What it’s about Laura Dern and Liam Hemsworth fall in love in “Lonely Planet,” a love story set against the backdrop of a writer’s vacation in Morocco.

Dern plays the famous author Katherine Loewe, who suffers from a paralyzing writer’s block and with the end of a long relationship with a person who is generally referred to as “the sculptor”, stands on a personal crossing distance.

Owen Brophy von Hemsworth is not an author at all, but he accompanies the journey because he is the friend of the emerging Lily Kemp (Diana Silvers).

It turns out that this relationship is also on the brink, since Owen, a finance man and former athlete, cannot keep up with the highly trotting literary discussions and, panting, even reads.

Writer and director Susannah Grant is known for the Netflix miniseries “Unbelievable,” among other things.

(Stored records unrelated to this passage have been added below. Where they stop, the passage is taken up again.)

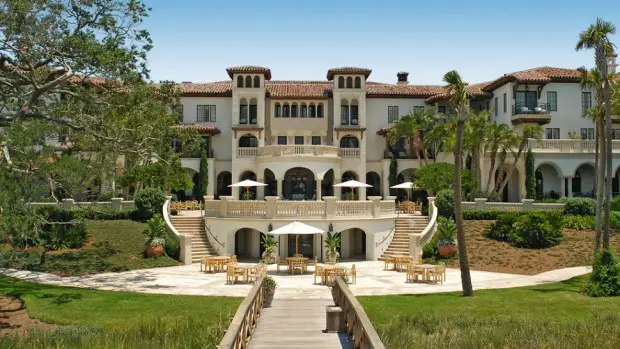 LOS CLAUSTRO EN SEA ISLAND, GEORGIA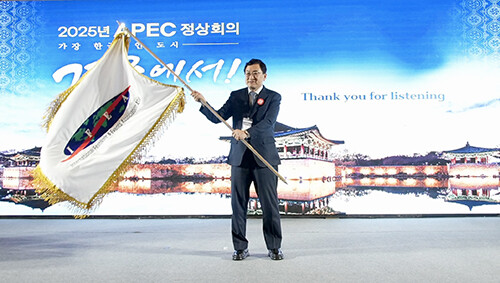 주낙영 시장 올해 2월 29일 태국 파타야 세계축제협회 컨퍼런스에서 2025 APEC 정상회의 경주유치 필승을 다지고 있다. 사진=경주시 제공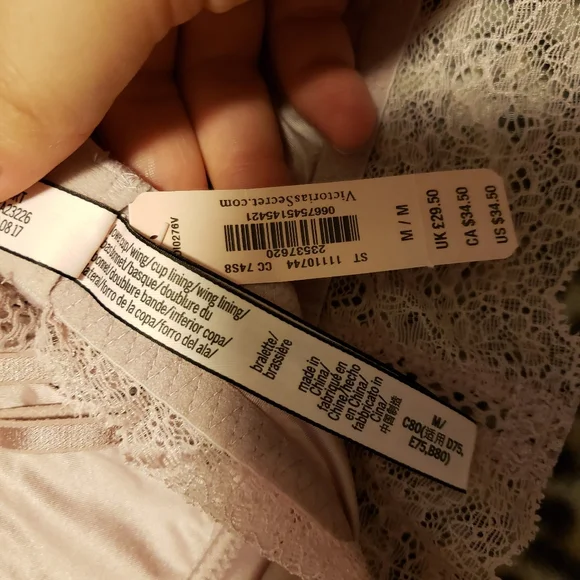 2017 Victoria's Secret Very Sexy Chantilly Lace Plunge Bralette, Size M NWT Pink - Picture 10 of 11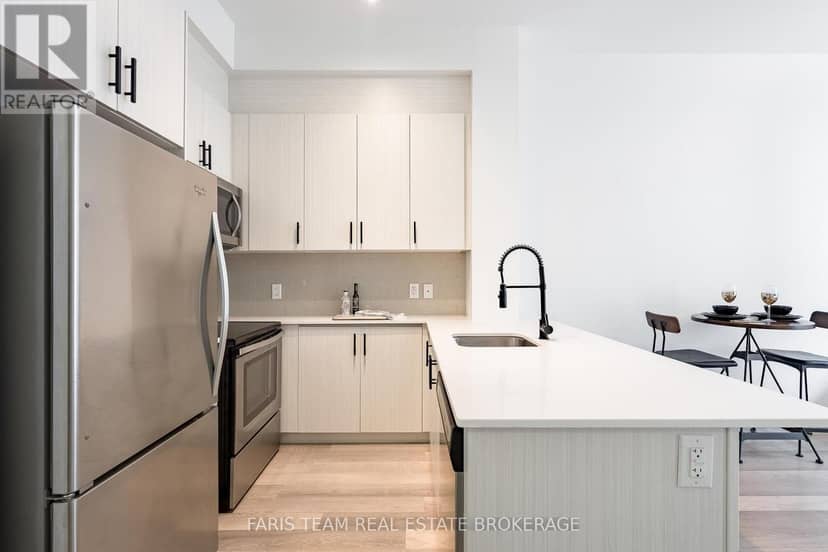 PH7 - 111 Worsley Street — photo 9 of 32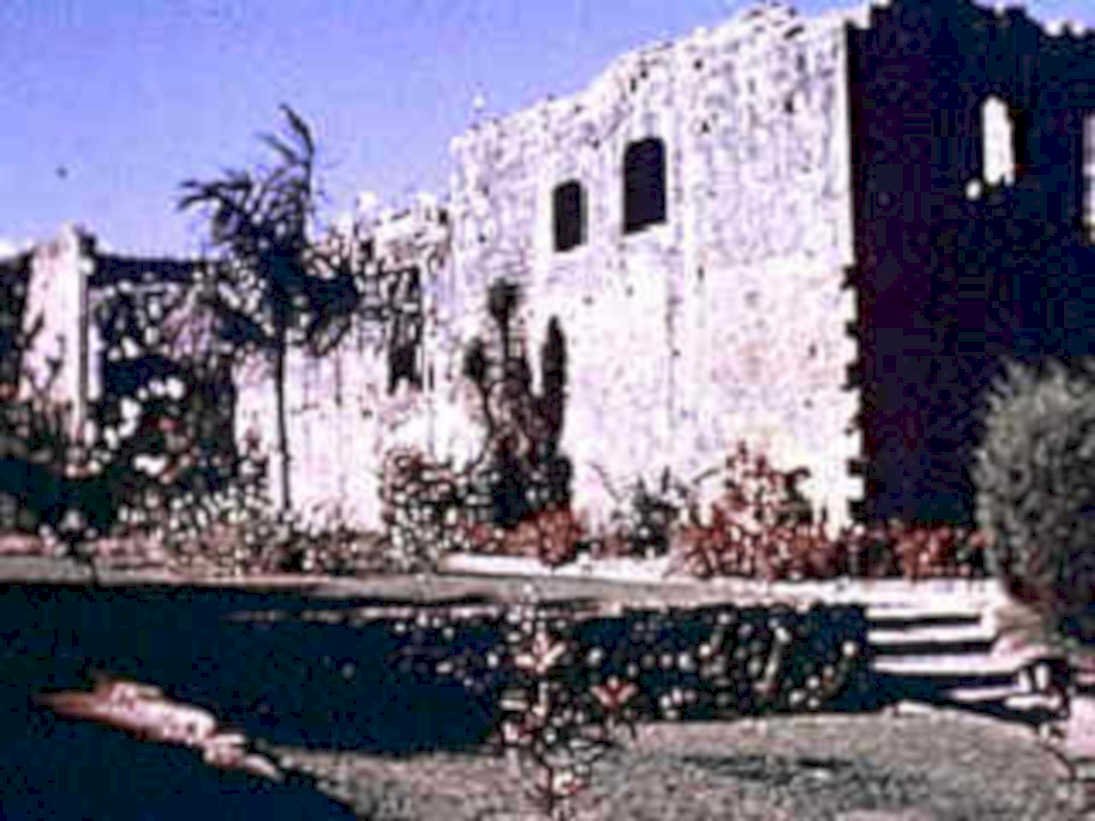 alamo ruins exterior1980s 1990s A4 Photo Print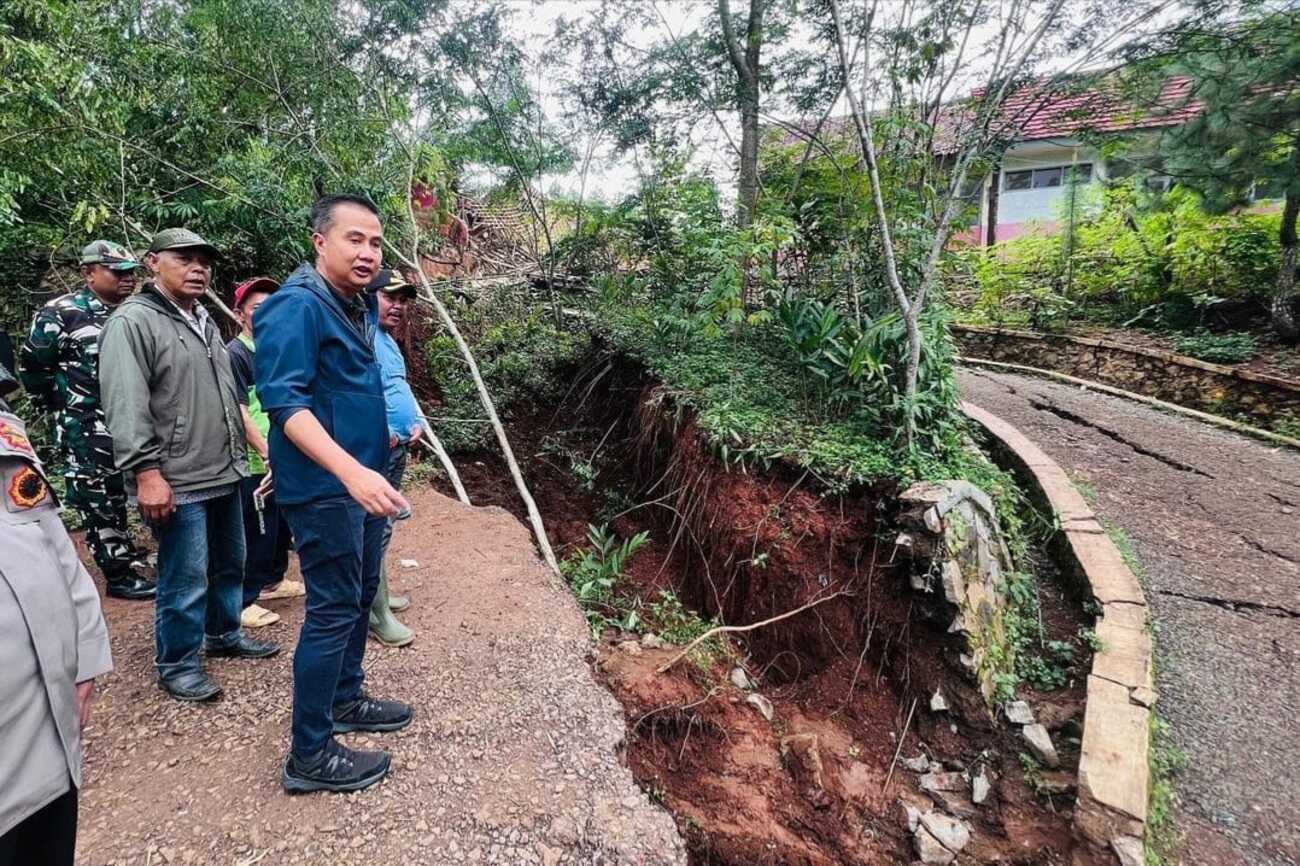 Bey Machmudin Tinjau Lokasi Pergerakan Tanah di KBB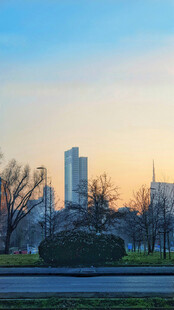 城市黄昏公园景致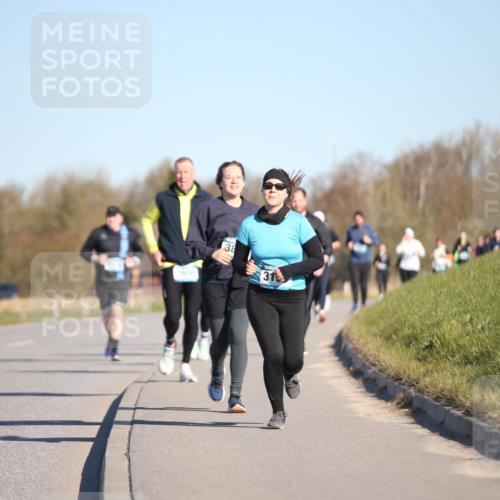 06.04.2025 - 44. Internationalen Wilhelmsburger Insellauf Jannik Wohlers http://msf.ph/oto/7617053 06.04.2025 09:40:45 Laufen 3606, 38, 31 meine-sportfotos.de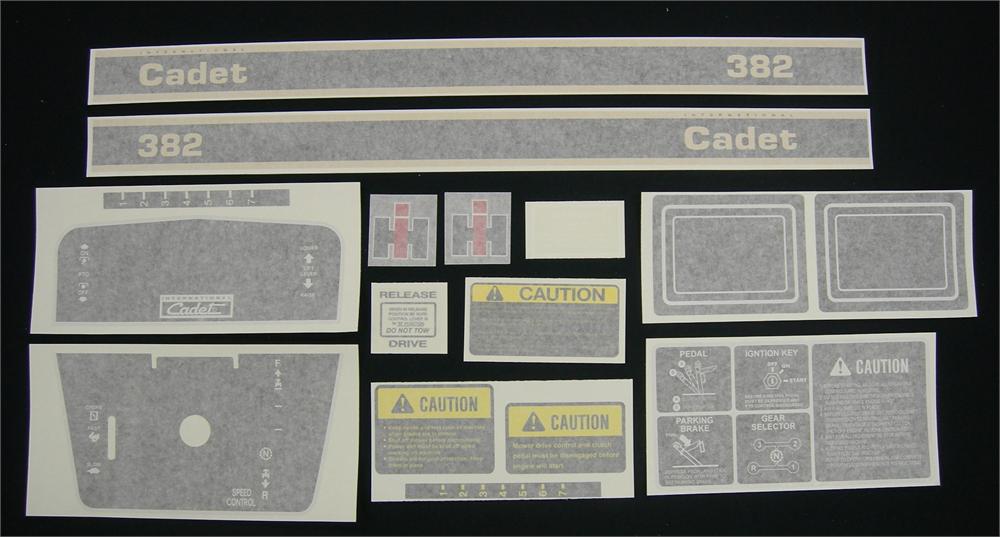 BB-DS-CC-382 Binder Books IH MANUALS & DECALS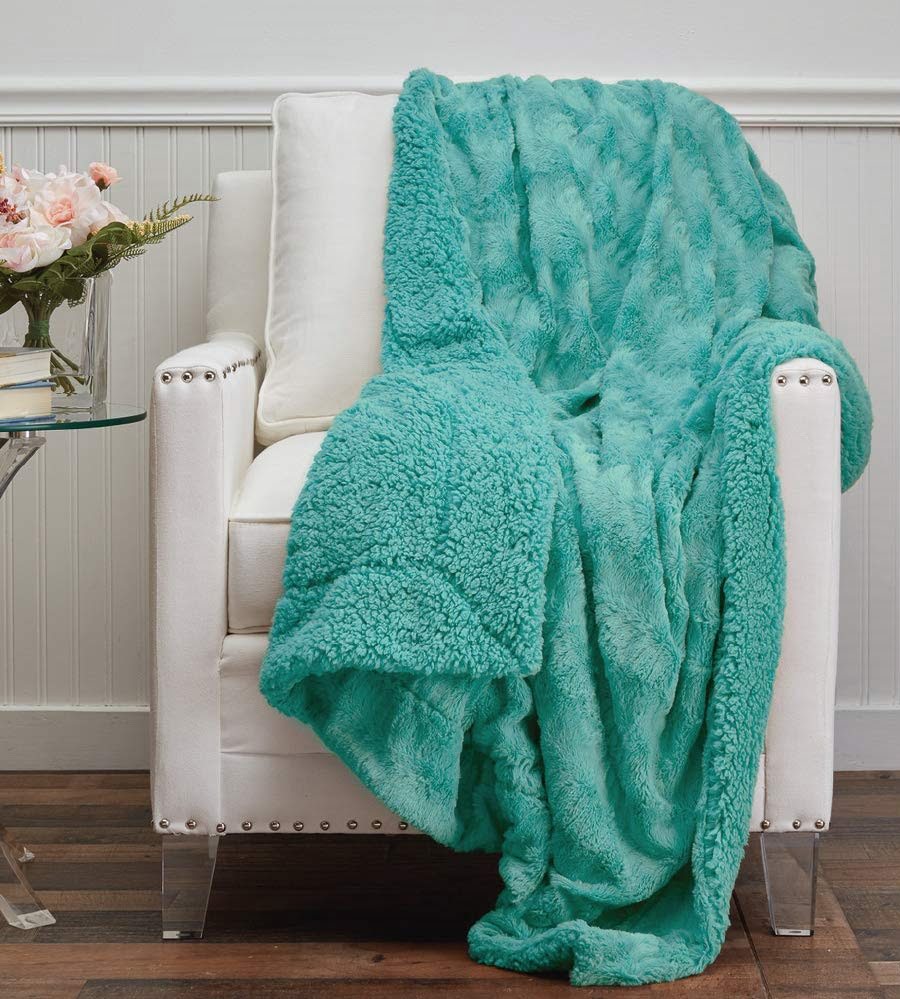 The Top 10 Best Faux Fur Blankets of 2021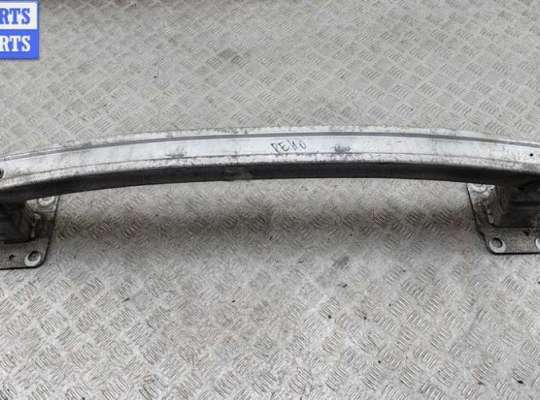 Купить Усилитель бампера переднего на Renault Megane II (2002-2008) Усилитель бампера переднего RN1570874 на Renault Megane II (2002-2008)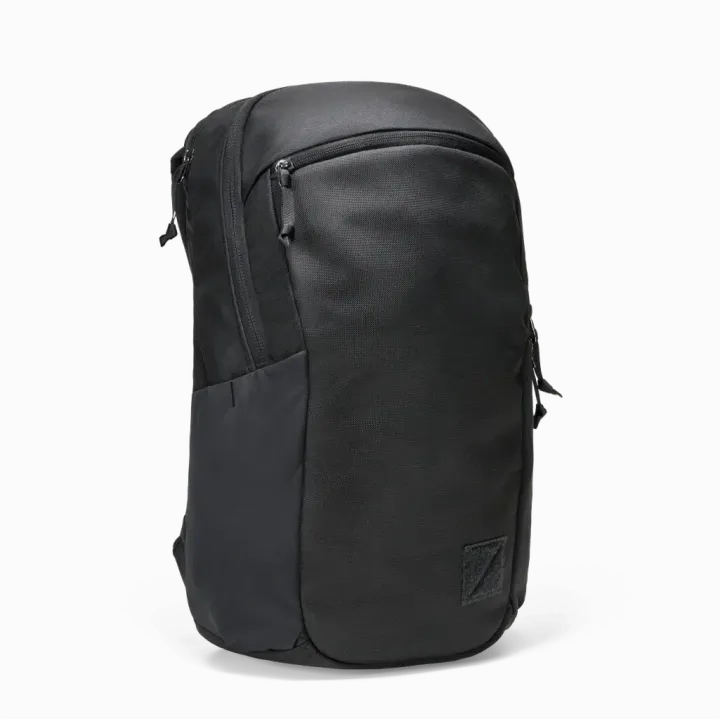 CIVIC-HALF-ZIP-22L-CHZ22-SOLUTION-DYED-BLACK-FRONT-min_2000x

MY SAY The challenge of a film like this begins to make it more than just one travel report, whereby the story serves as a thin pretext to show beautiful locations, and the actors apparently for the chance to work in such a place, commit to whatever the script offers.

“Lonely Planet” is largely on this lacquer test, even if it sometimes looks as if it seems more fascinated by the views of the desert, the extensive beaches and the luxurious resorts in which the authors seem to be more fascinated than of everything that happens inside.

There is another hurdle that the picture deftly and fortunately avoids.

Many headlines around “Lonely Planet” focused on the fact that it is an age difference, at least the third large romance with A celebrities, which this year according to “A Family Affair” and “The Idea” on streaming To see service is from you.”

What this mini-trend says in a broader cultural sense is best left to others. But while the film recognizes the age difference between his main actors, which he also has to refuse to stick to it.

Whenever the film wanders too far in one direction, the stars have a good sense of how they can steer the focus back on the characters.

Der is a consistent expert at appearing completely natural and comfortable in front of the camera. Here she plays out the desperation and confusion that brought Katherine to this place at this particular crossroads in her life, building a relationship with Hemsworth’s Owen that is palpably about more than just physical attraction.

Hemsworth is also something like a revelation to finally get a role that enables him to concentrate entirely on acting without being distracted by expensive pyrotechnics performances (“The Tributes of Panem”) or basic genre conventions.

It takes advantage of the special burden on loneliness that manifests themselves in unknown places when the routines that determine everyday life are lost and finally has time to think exactly where you are and how you got there.

CONCLUSION It’s more subtle and thoughtful than you’d expect, and the actors nail it.